In fantasy there are tons of options for how to make it work. Magic is the first thing that comes to mind for enabling it to float, but it may not be the best option. I would think something more mundane would be more realistic, pumice for example is a rock that is less dense than water and thus it floats. If perhaps the majority of the island's base were pumice, it could float freely, though likely not very fast. Most floating islands in the real world are small because they are usually peat, so probably not large enough for even a house. 
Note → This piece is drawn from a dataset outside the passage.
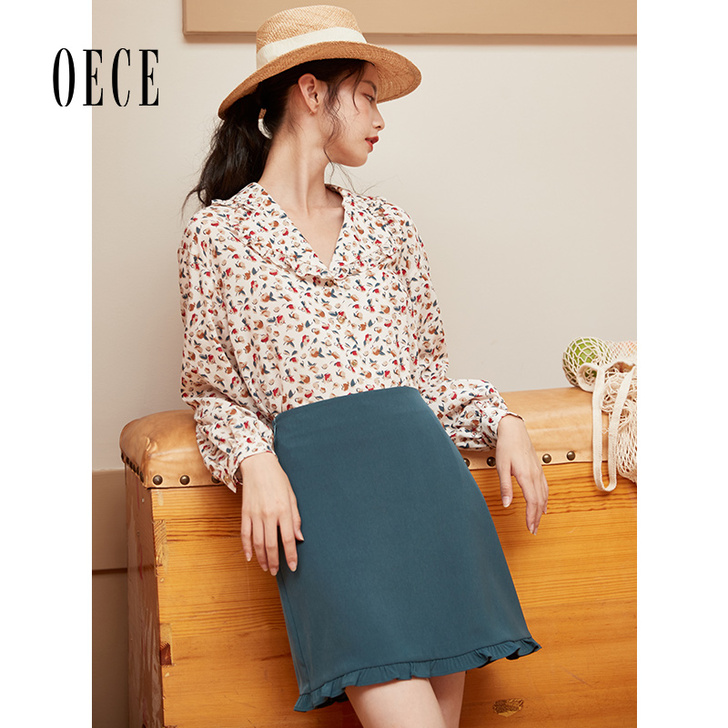 Oece2020秋装新款女装 娃娃脸女生复...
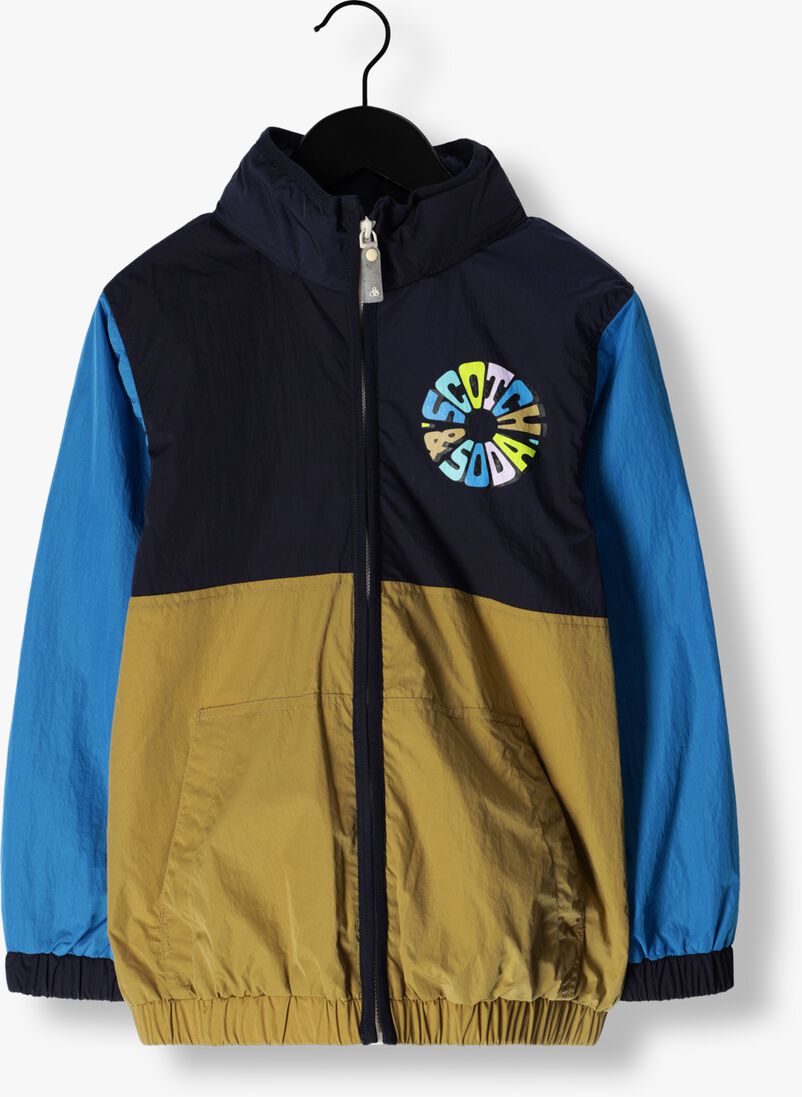 SCOTCH & SODA blauwe scotch & soda jack colour block windbreaker jacket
Another option could be more exotic and fanciful, like an island on the back of a giant turtle or other sea critter. It could be that the island can even go onto land if you do this.


----------



## shangrila (Apr 26, 2012)

Well, if you're looking for a specific example, the Malazan series has Drift Avalii. I think it's more of an island that moves around rather than specifically floating though.


----------



## gavintonks (Apr 26, 2012)

CS Lewis uses floating islands in Voyage to Venus and they slide up and down the waves, they are brilliant


----------



## King Raven Stark (Apr 26, 2012)

Haven't figured out yet about how it goes from being part of the land to a floating landmass, hell i didn't think about that thanks.


----------



## Ireth (Apr 26, 2012)

When I saw the thread title I immediately thought of the Hallelujah Mountains, a floating mountain range on the moon Pandora in the movie _Avatar_. The mountains float because they contain large amounts of a mineral called unobtanium, which from what I remember of the movie's limited explanation, has gravity-defying properties. (Though how there are deposits under the surface on the moon itself without the structures on top growing unstable is something I have no clue about.) That's a bit more toward sci-fi than fantasy, but it's something to think about, at least.


----------



## King Raven Stark (Apr 26, 2012)

Yea I know that's where I came up with the idea. I saw that and immediately fell in love with the idea


----------



## Queshire (Apr 26, 2012)

Floating on water or floating in the sky? In either case, do they stay in one place or float on the air or water currents? If they move, then navigation between them would be a headache, also there'd be the risk of two islands crashing into each other.


----------



## Jon_Chong (Apr 27, 2012)

I love fantasy because you can come up with things like floating islands and gods walking the earth and no one would bat an eye. The real question is why. Why are there floating islands? How are there floating islands? Having a cool idea is half the battle, justifying it is another. 

That said, I love floating islands but I always run into the same problem. Water. Rainfall would be the primary source of water, but would it be enough? What's the water cycle like for these islands?


----------



## DavidJae (Apr 27, 2012)

Final Fantasy XII has large floating portions of their world which contain large portions of the material magicite, which is the basis if their aircraft technology. They are a fascinating concept, and can make for interesting plot devices.


----------



## King Raven Stark (Apr 27, 2012)

They stay in one place, never move, and float over land but high in the sky.


----------